Aim of the task:
Through to the final line, write out the records below exactly, omitting any images they contain.

Segment Start: Dataset

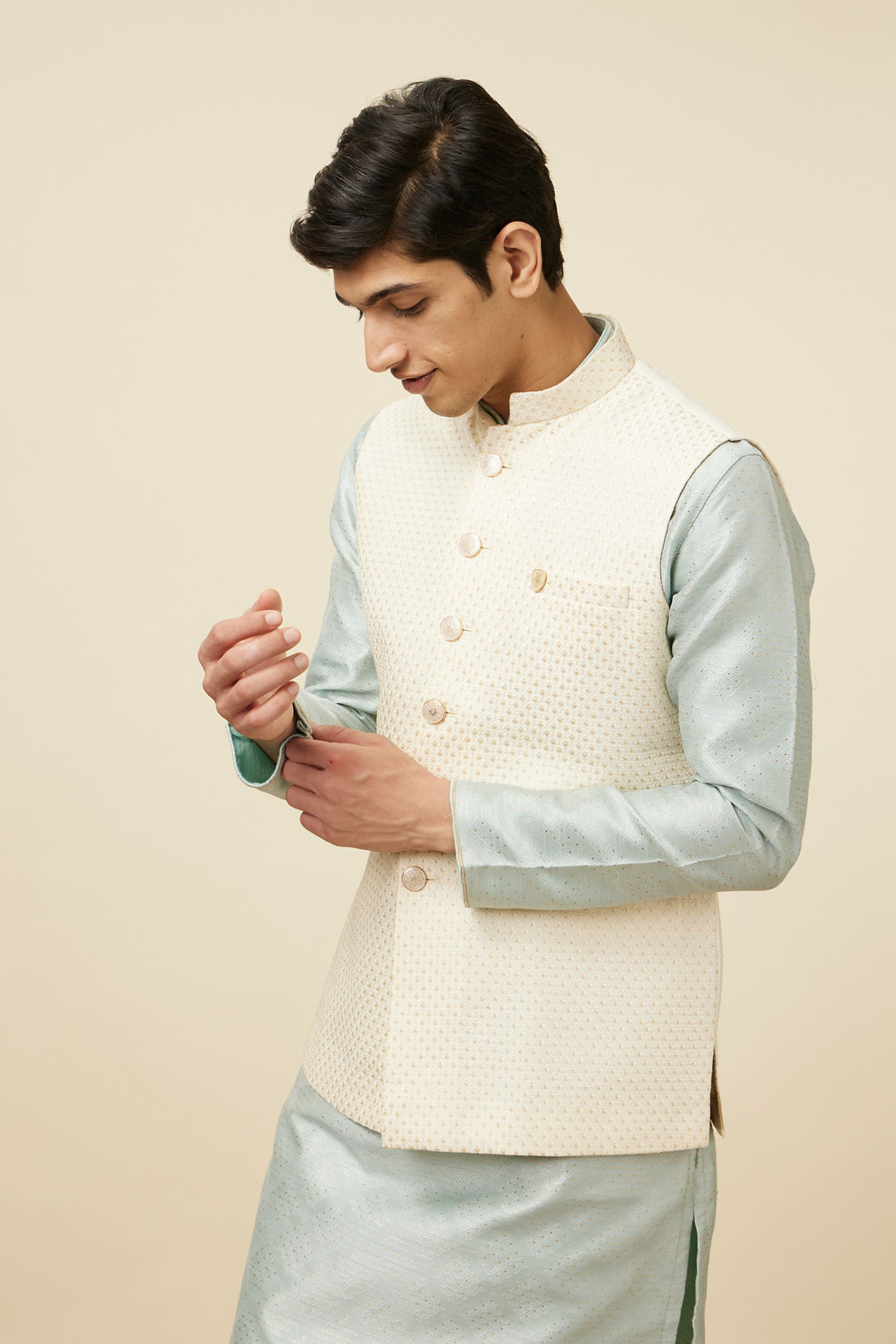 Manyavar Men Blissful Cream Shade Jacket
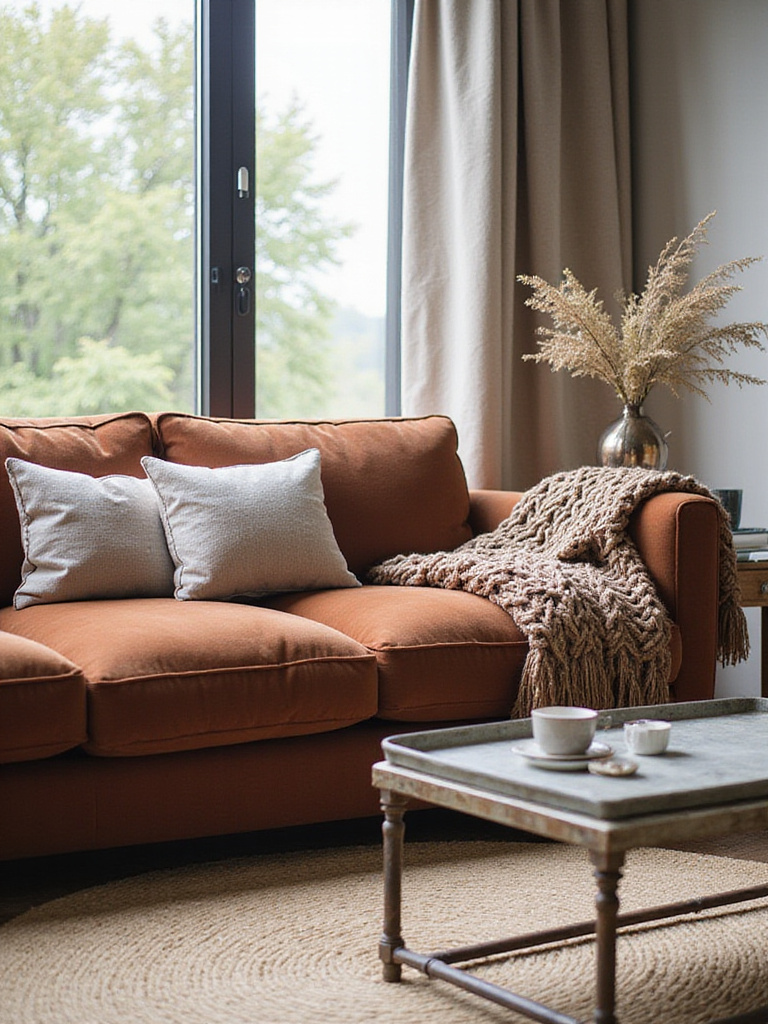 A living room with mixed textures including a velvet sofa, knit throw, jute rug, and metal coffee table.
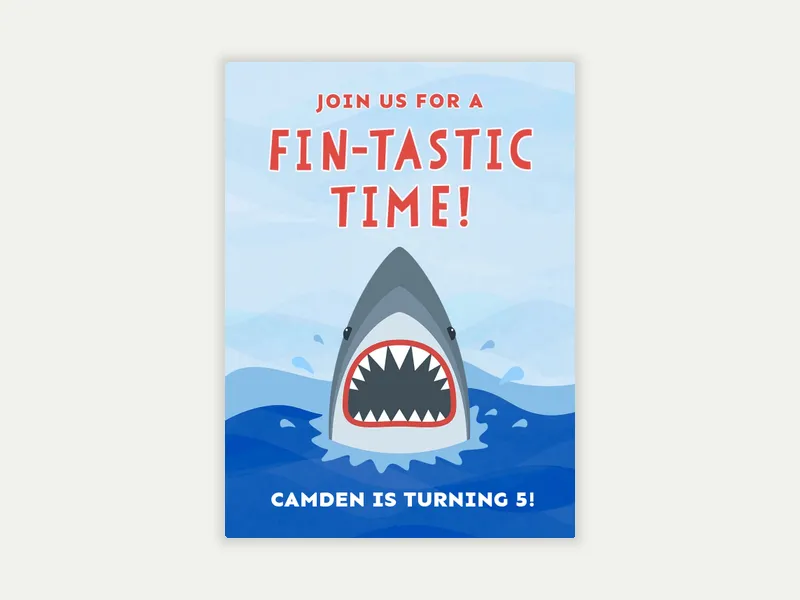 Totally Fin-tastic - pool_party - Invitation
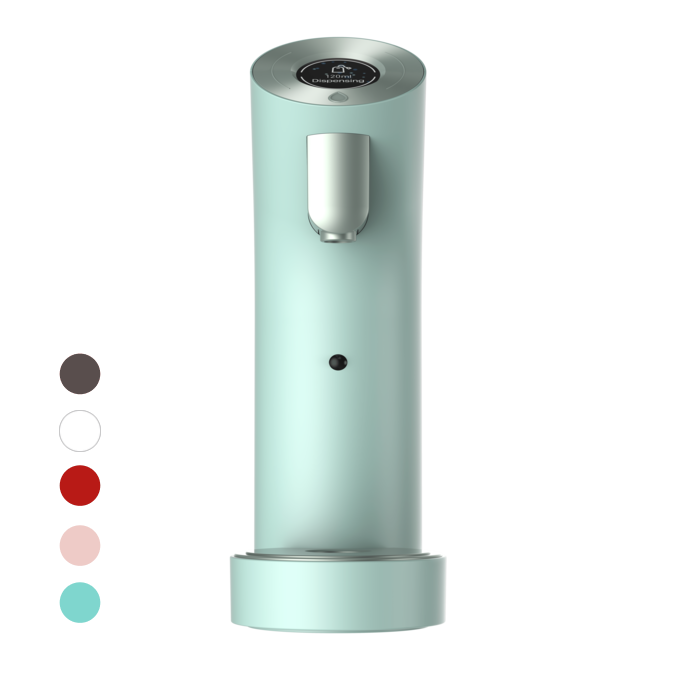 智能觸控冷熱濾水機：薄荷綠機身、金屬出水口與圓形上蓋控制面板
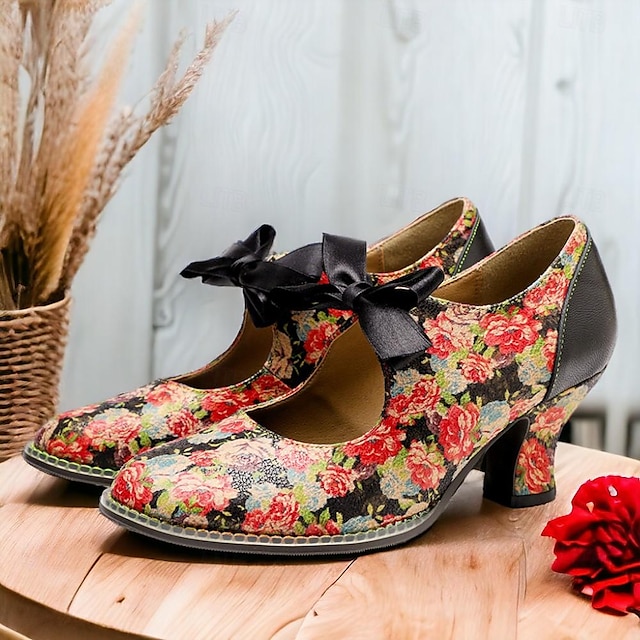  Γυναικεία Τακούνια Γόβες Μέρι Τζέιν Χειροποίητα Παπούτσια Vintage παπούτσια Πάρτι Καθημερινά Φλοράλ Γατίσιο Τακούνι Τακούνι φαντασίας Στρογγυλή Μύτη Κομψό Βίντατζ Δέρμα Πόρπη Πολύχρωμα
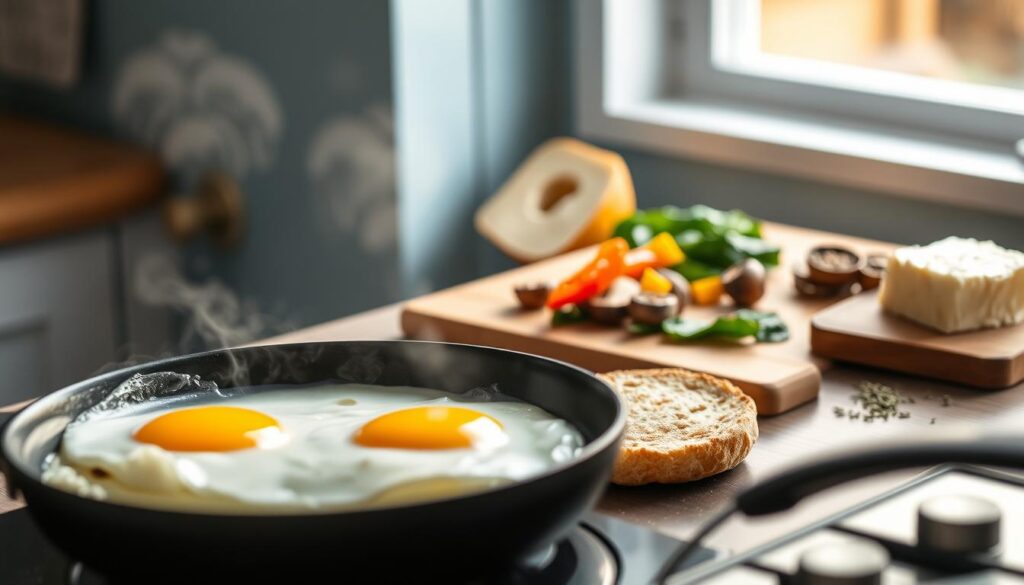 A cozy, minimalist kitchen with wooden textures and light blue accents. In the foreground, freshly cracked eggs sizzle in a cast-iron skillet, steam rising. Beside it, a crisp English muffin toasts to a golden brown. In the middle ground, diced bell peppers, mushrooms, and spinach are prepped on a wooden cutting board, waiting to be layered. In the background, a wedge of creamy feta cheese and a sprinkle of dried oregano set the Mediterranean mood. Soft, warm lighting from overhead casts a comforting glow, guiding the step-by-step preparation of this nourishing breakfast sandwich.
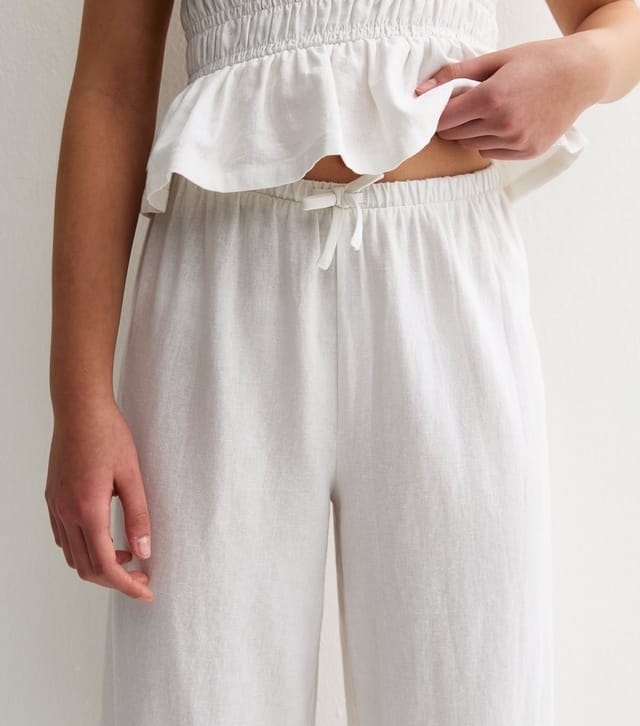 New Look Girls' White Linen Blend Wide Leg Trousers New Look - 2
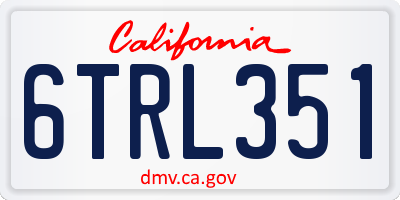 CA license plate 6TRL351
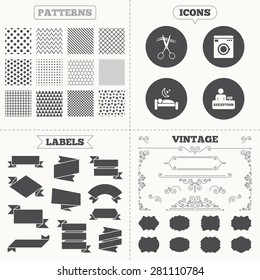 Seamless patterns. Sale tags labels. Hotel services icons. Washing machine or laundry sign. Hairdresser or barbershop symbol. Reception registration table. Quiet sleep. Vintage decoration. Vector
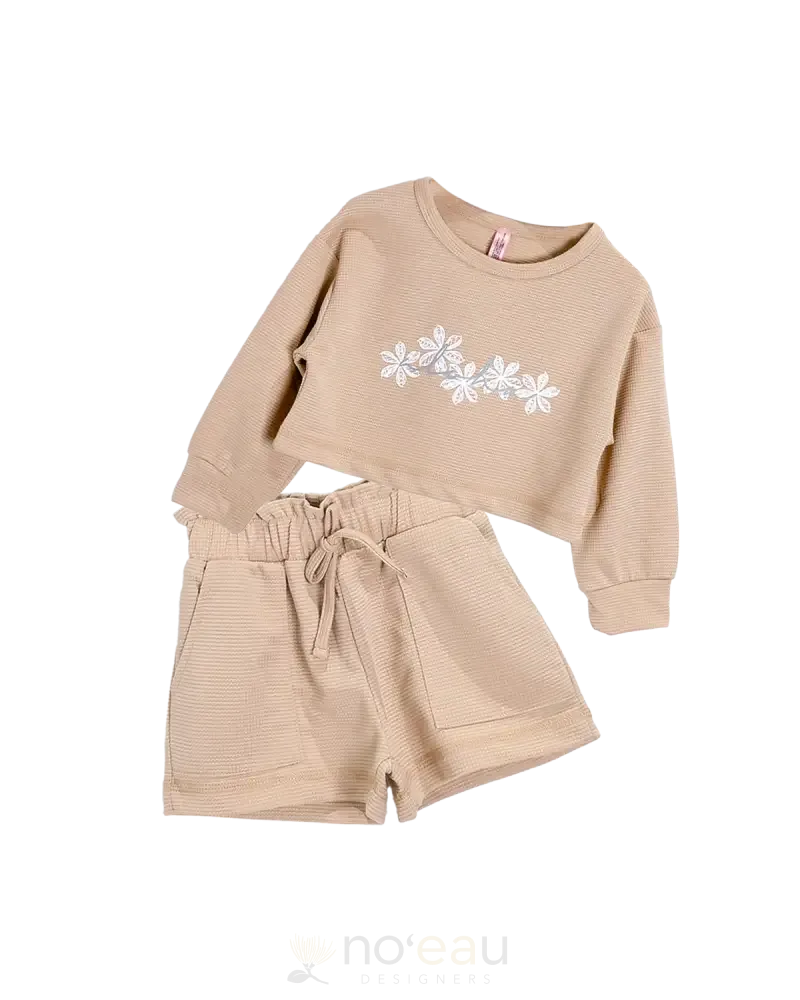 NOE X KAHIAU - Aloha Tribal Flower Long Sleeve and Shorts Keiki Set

Segment End: Dataset

Worked solution:
 Manyavar Men Blissful Cream Shade Jacket
 A living room with mixed textures including a velvet sofa, knit throw, jute rug, and metal coffee table.
 Totally Fin-tastic - pool_party - Invitation
 智能觸控冷熱濾水機：薄荷綠機身、金屬出水口與圓形上蓋控制面板
  Γυναικεία Τακούνια Γόβες Μέρι Τζέιν Χειροποίητα Παπούτσια Vintage παπούτσια Πάρτι Καθημερινά Φλοράλ Γατίσιο Τακούνι Τακούνι φαντασίας Στρογγυλή Μύτη Κομψό Βίντατζ Δέρμα Πόρπη Πολύχρωμα
 A cozy, minimalist kitchen with wooden textures and light blue accents. In the foreground, freshly cracked eggs sizzle in a cast-iron skillet, steam rising. Beside it, a crisp English muffin toasts to a golden brown. In the middle ground, diced bell peppers, mushrooms, and spinach are prepped on a wooden cutting board, waiting to be layered. In the background, a wedge of creamy feta cheese and a sprinkle of dried oregano set the Mediterranean mood. Soft, warm lighting from overhead casts a comforting glow, guiding the step-by-step preparation of this nourishing breakfast sandwich.
 New Look Girls' White Linen Blend Wide Leg Trousers New Look - 2
 CA license plate 6TRL351
 Seamless patterns. Sale tags labels. Hotel services icons. Washing machine or laundry sign. Hairdresser or barbershop symbol. Reception registration table. Quiet sleep. Vintage decoration. Vector
 NOE X KAHIAU - Aloha Tribal Flower Long Sleeve and Shorts Keiki Set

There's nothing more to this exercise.